Al Le Centquatre, Glenn Martens debutta per Maison Margiela Artisanal 2025 con un’opera di resurrezione culturale che ha unito misticismo fiammingo e radicalismo post-umano. La collezione è stata definita una nuova “couture democratica”, dove il valore non risiede nella caratura dei materiali, ma nel genio della trasformazione: semplici fogli da fotocopia, PVC e scarti industriali vengono elevati a pezzi museali attraverso corsetti architettonici e drappeggi ieratici. Tra maschere nate da frammenti dimenticati e il debutto della Tabi “artiglio”, Martens recupera l’anima dadaista della Maison, celebrando la bellezza della ruggine e della stratificazione. È un inno al lusso dell’intelletto che sfida le convenzioni della Haute Couture tradizionale, rendendo l’ordinario straordinario. La nuova Tabi “artiglio” e il ritorno della ruggine come pigmento estetico celebrano un lusso che rifiuta il prezioso convenzionale, preferendo la stratificazione della memoria. Un atto poetico e dissacrante che riconferma la Haute Couture come unico spazio possibile per una sperimentazione senza filtri.
La mostra e lo show testamento di Giorgio Armani

Nella suggestiva cornice della Pinacoteca di Brera, la collezione Giorgio Armani Primavera Estate 2026 è stata svelata come un dialogo intimo tra la metropoli milanese e l’essenza selvaggia di Pantelleria. Non solo una sfilata nel cortile dell’Accademia di Brera, ma anche una grande mostra per celebrare i cinquant’anni di carriera attraverso Giorgio Armani: Milano, per amore, un percorso antologico allestito tra le sale dell’Accademia dove 133 creazioni d’archivio dialogano con i capolavori della storia dell’arte. Tra le pennellate di Raffaello e il romanticismo del Bacio di Hayez, la sfilata ha ribadito il concetto di armonia assoluta tra corpo e veste. Sulle note live di Ludovico Einaudi, silhouette fluide e tessuti impalpabili hanno trasformato il minimalismo in un linguaggio universale. Questo evento straordinario ha consacrato definitivamente lo stile Armani come patrimonio artistico nazionale, fondendo per la prima volta l’eccellenza della moda con l’eredità storica dell’istituzione Brera.

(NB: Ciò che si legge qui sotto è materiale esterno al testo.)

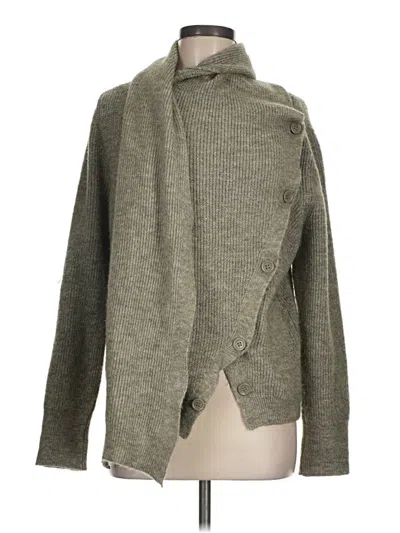 Pre-owned Mng Cardigan Sweater In Gray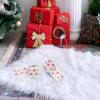 Alipis 4 Rolls Xmas Pattern Toilet Paper Christmas Theme Decorative Tissue Roll Double-Layer Napkins for Party Restroom Wood Material Dinner Paper for Christmas Table view 4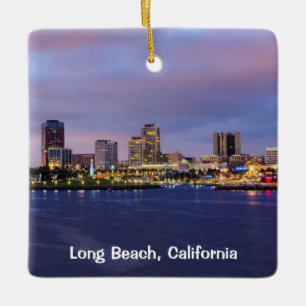 Ornement En Céramique Long Beach California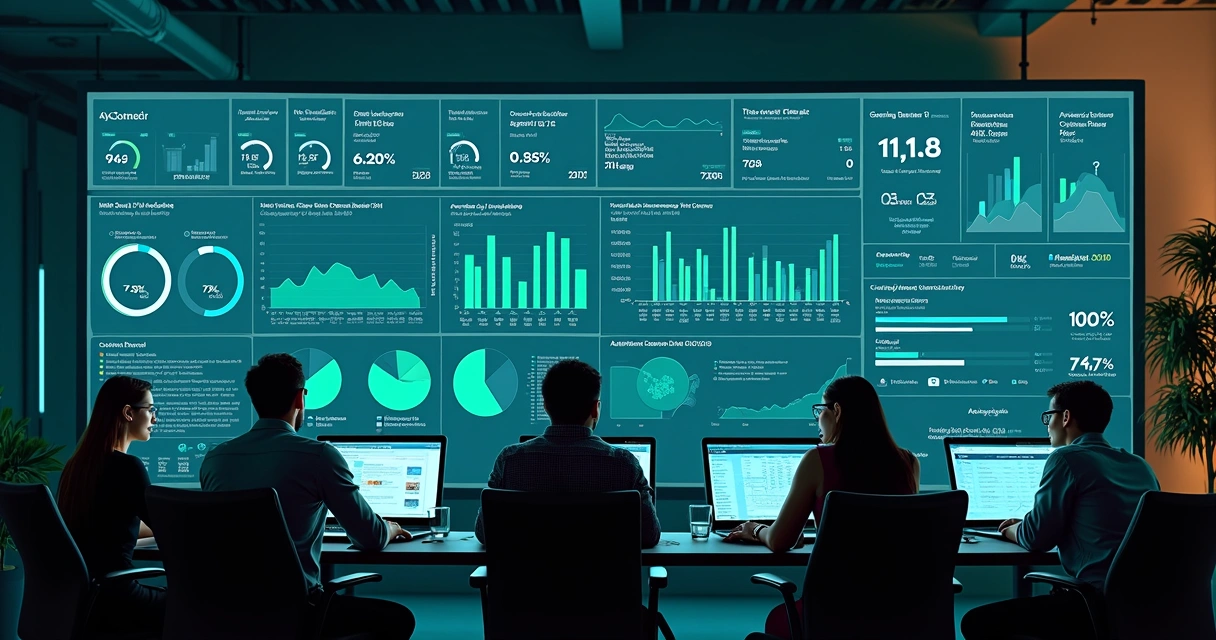 Dashboard de NPS exibindo resultados e dados de atendimento 
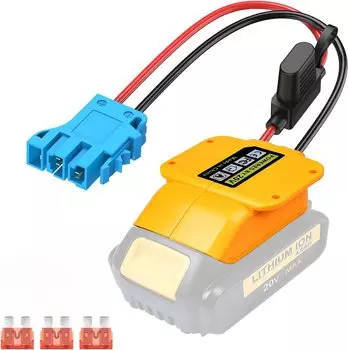 Адаптер питания на колесах для аккумулятора Dewalt 20 в, адаптер с предохранителем и проводным разъемом, совместимый с игрушками для катания детей Peg-Perego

Versace: l’era spezzata di Dario Vitale

Lo show che sarà ricordato come uno dei più grandi enigmi della moda di questo decennio non è stato solo una sfilata, ma un atto di rottura viscerale. Dario Vitale, bruscamente congedato dalla nuova proprietà di Versace dopo soli otto mesi, ha lasciato in eredità una visione che ha osato ridefinire la sensualità di un brand finora calcificato nell’eterna patina dorata di Donatella. Al posto delle classiche glamazons intoccabili, Vitale ha evocato visioni meno immediatamente perfette ma molto più autentiche: la passerella si è trasformata in un’estensione di un letto disfatto, dove l’abito diventa il racconto del “mattino dopo” La sfilata ha celebrato una bellezza cruda e carnale, fatta di patte lasciate aperte, fianchi nudi rivelati dal movimento dei pepli e abiti che sembravano scivolare via come lenzuola di seta stropicciate. Vitale aveva appena iniziato a scrostare il mito per ritrovare l’uomo e la donna Versace, ma il suo racconto è stato interrotto bruscamente dalle logiche del mercato. Quella di Vitale resterà una collezione che brilla come un testamento di ciò che Versace avrebbe potuto essere: un brand non più solo da ammirare su un red carpet, ma da vivere con tutta la splendida imperfezione della realtà.